In the previous episode we had witnessed an interesting explanation from Vidura with regards to six different aspects that would ensure complete comfort and satisfaction in our every day life. They are “Arthaagamah” (If we’re able to get “non-stop” and uninterrupted income of money), “Nithyamaarogithaa” (If we’re able to lead a life without paying a visit to a doctor on account of physical illness), “Priyaacha bhaarya” (If we’re blessed with a wife who is amicable and understanding), “Priya Vadineecha” (If we’re blessed with a wife who has the capability to talk in a pleasing manner), “Vaschascha puthra” (If we’re blessed with children who do not deviate an inch from our advice and guidance) and finally “Artha kaareescha vidya” (If we’re able to get a job in line with our educational qualifications). Hence Vidura explains that these above six elements would give immense happiness, satisfaction and pleasure in our life.

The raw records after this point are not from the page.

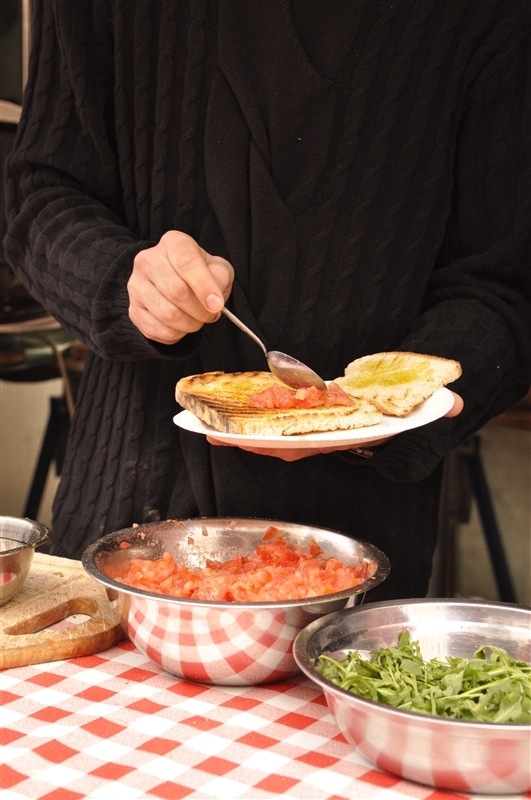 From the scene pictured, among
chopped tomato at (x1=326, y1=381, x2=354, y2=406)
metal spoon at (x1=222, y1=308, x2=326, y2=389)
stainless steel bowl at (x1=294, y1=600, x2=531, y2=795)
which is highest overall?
metal spoon at (x1=222, y1=308, x2=326, y2=389)

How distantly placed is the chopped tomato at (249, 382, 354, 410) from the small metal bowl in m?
0.44

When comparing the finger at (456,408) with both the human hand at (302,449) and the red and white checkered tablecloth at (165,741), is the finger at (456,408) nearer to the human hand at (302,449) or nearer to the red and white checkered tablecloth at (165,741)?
the human hand at (302,449)

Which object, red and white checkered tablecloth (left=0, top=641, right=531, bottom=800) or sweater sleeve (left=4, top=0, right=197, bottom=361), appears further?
sweater sleeve (left=4, top=0, right=197, bottom=361)

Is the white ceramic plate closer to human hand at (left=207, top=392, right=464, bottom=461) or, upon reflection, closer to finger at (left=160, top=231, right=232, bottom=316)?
human hand at (left=207, top=392, right=464, bottom=461)

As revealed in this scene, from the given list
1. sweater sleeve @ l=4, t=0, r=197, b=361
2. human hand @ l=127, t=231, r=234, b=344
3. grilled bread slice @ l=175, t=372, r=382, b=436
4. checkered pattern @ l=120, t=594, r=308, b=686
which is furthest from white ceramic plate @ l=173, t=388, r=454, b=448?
sweater sleeve @ l=4, t=0, r=197, b=361

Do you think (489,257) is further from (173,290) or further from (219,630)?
(219,630)

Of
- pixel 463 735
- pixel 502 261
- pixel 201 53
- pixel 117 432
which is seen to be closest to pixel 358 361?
pixel 502 261

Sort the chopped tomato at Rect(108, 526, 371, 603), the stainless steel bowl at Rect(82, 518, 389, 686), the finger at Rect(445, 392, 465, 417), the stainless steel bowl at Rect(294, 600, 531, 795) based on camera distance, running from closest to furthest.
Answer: the stainless steel bowl at Rect(294, 600, 531, 795) → the stainless steel bowl at Rect(82, 518, 389, 686) → the chopped tomato at Rect(108, 526, 371, 603) → the finger at Rect(445, 392, 465, 417)

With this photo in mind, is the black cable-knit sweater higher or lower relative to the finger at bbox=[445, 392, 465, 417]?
higher

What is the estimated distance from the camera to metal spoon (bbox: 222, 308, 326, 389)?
172cm

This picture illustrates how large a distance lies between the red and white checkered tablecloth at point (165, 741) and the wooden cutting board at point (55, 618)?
0.02m

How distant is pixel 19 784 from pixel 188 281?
0.81 m

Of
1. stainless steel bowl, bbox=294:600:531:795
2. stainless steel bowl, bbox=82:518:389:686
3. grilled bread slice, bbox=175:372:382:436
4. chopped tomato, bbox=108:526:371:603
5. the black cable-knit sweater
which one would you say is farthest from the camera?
the black cable-knit sweater

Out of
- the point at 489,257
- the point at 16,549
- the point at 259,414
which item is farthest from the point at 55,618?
the point at 489,257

Now that we’ve seen those elements that give us the ultimate happiness in life, our current focus should be on how efficiently we act so that we ensure that these six elements are with us always. For instance, if our life partner (Wife or husband) is not having that characteristic of talking in a pleasing manner, how can we make this happen? How can we teach our husband or wife to talk in a pleasing manner? We should take a conscious step forward to make things happen, rather than cribbing with each other.

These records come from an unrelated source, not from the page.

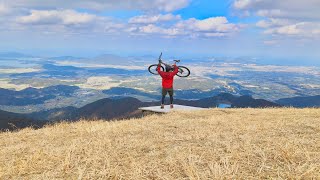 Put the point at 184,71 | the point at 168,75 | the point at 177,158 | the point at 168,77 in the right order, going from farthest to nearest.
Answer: the point at 184,71, the point at 168,77, the point at 168,75, the point at 177,158

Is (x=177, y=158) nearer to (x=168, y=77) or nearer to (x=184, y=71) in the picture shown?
(x=168, y=77)

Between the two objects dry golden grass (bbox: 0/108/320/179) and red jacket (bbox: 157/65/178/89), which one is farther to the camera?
red jacket (bbox: 157/65/178/89)

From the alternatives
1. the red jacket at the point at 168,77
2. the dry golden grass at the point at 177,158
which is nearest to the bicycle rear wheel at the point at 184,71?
the red jacket at the point at 168,77

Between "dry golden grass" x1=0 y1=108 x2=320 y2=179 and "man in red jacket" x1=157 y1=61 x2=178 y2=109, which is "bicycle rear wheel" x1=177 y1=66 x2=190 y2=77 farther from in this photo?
"dry golden grass" x1=0 y1=108 x2=320 y2=179

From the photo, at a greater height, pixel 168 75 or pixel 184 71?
pixel 184 71

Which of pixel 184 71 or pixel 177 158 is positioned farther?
pixel 184 71

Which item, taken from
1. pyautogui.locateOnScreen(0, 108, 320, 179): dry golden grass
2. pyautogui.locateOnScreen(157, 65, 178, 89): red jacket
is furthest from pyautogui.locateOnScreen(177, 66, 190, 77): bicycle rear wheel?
pyautogui.locateOnScreen(0, 108, 320, 179): dry golden grass

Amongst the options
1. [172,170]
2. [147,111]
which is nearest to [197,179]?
[172,170]

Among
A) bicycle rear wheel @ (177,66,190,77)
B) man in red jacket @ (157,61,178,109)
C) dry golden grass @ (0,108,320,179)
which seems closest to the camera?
dry golden grass @ (0,108,320,179)

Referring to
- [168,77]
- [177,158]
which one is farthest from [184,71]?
[177,158]

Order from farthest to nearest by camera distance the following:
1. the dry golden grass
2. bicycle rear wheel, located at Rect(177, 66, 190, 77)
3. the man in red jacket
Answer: bicycle rear wheel, located at Rect(177, 66, 190, 77) → the man in red jacket → the dry golden grass

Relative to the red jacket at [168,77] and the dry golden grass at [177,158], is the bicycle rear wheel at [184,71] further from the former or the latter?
the dry golden grass at [177,158]

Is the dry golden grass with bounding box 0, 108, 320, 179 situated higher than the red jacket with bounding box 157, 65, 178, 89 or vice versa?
the red jacket with bounding box 157, 65, 178, 89

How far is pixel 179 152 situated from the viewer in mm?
8570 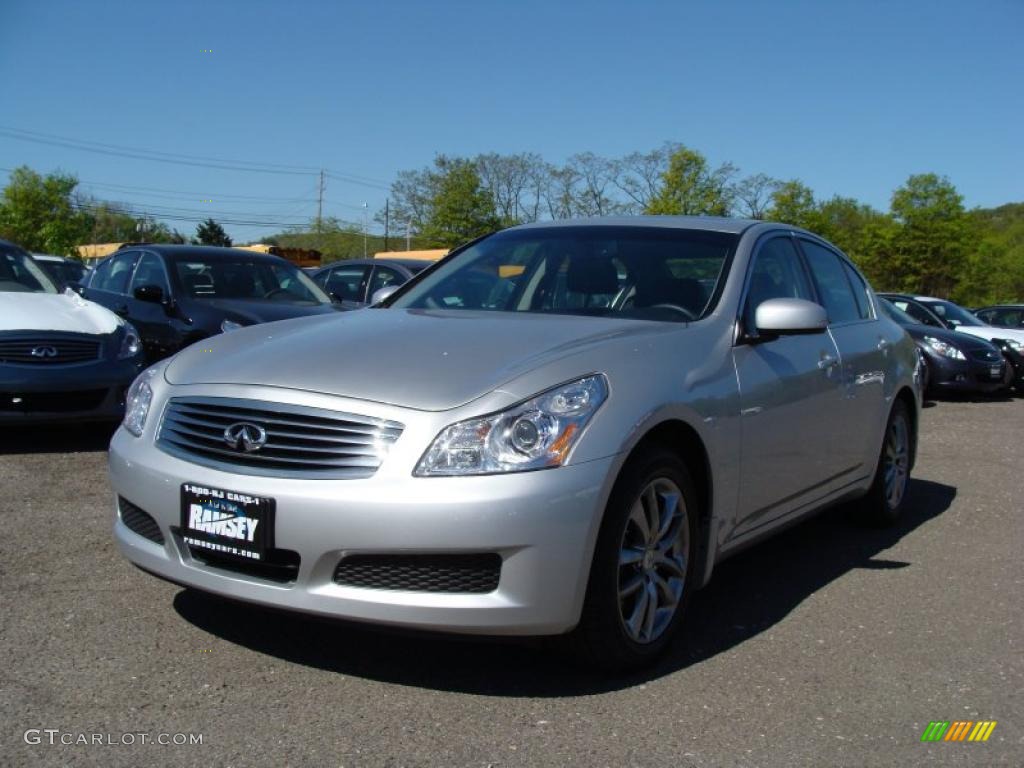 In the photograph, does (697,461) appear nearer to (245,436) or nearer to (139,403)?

Of course during the initial days of marriage it would be tough, since both the man and the woman are two different individuals with different interests, priorities, tastes, etc. We need to consciously spend time with each other during the first two or three years to understand each other’s likes and dislikes and slowly try to adjust. If this adjustment and understanding doesn’t happen within the first few months or years of marriage, life can become miserable. Hence, as “Grihasthas” (Family-oriented people) all of us should make a conscious effort in understanding our partner, know his/her likes and dislikes and adjust accordingly. If this is done in a proper way with understanding, love and affection would automatically prosper and our married life would naturally become a paradise.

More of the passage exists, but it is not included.